This is the first of our “Cabinet Curiosities” series, which explores significant items in our Herbarium collection. This article was written by Joe Lippert, Digitization Coordinator.
In 1852, the former Republic of Texas was two years past the Compromise of 1850 that solidified the state borders we are all so familiar with today. The portions of New Mexico, Colorado, Kansas, and Wyoming once connected to our state were very sparsely held by any form of government because of raiding parties by hostile Comanche warriors from the nearby Comancheria. And one of the places raided by those fierce warriors was a tiny trading post named Frontera, the same name written in flowing cursive on the original collection label of our specimen. To the left of the primary label is another, smaller note that reads “Coll. Charles Wright”.
Located 8 miles northwest of present day El Paso, for a short time this small outpost established in 1848 was the first custom house on the recently established international border between Mexico and the State of Texas. The newfound importance brought with it surveyors to delineate and parcel out the open and boundless land of the Southwest, and included on a survey in 1849 by the U.S. Army was a young Yale graduate and botanist by the name Charles Wright. Promised nothing more than transportation of his baggage during the 673 mile trip, he arrived on foot in El Paso 104 days later but flush with collections of wildflower seeds and botanical specimens. Wright lived in El Paso for the next four years, surveying the US-Mexico border and discovered 50 new species of plants in addition to collections of avifauna such as Empidonax wrightii (American Gray Flycatcher).

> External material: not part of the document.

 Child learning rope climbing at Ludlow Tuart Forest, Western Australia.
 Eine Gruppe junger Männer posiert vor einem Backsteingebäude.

Then in 1853, Wright left West Texas for a spot on an expedition to the North Pacific via Asia, and never returned to the high deserts of the Southwest.
Frontera did not exist much longer after Wright’s time, remaining a small frontier trading post and later a ranch until 1855, when the spot was abandoned for too many Comanche raids and not enough military protection. One can still find evidence of the post on mail delivery maps until the 1860s, but today only paved streets and quiet neighborhoods remain of that outpost.
Unlike the forgotten town of Frontera, we retain a tangible memory of the region’s botanical history that can never be lost as long as we preserve these irreplaceable specimens. In the process of digitizing BRIT’s collection of specimens from Texas, to date we have uncovered almost a dozen specimens by Charles Wright from this period of his life. With the help of Herbarium staff and volunteers, we have now preserved the life’s work of a lesser known but no less important Texas botanist who worked tirelessly to explore and collect plants from the unfilled places on a world map.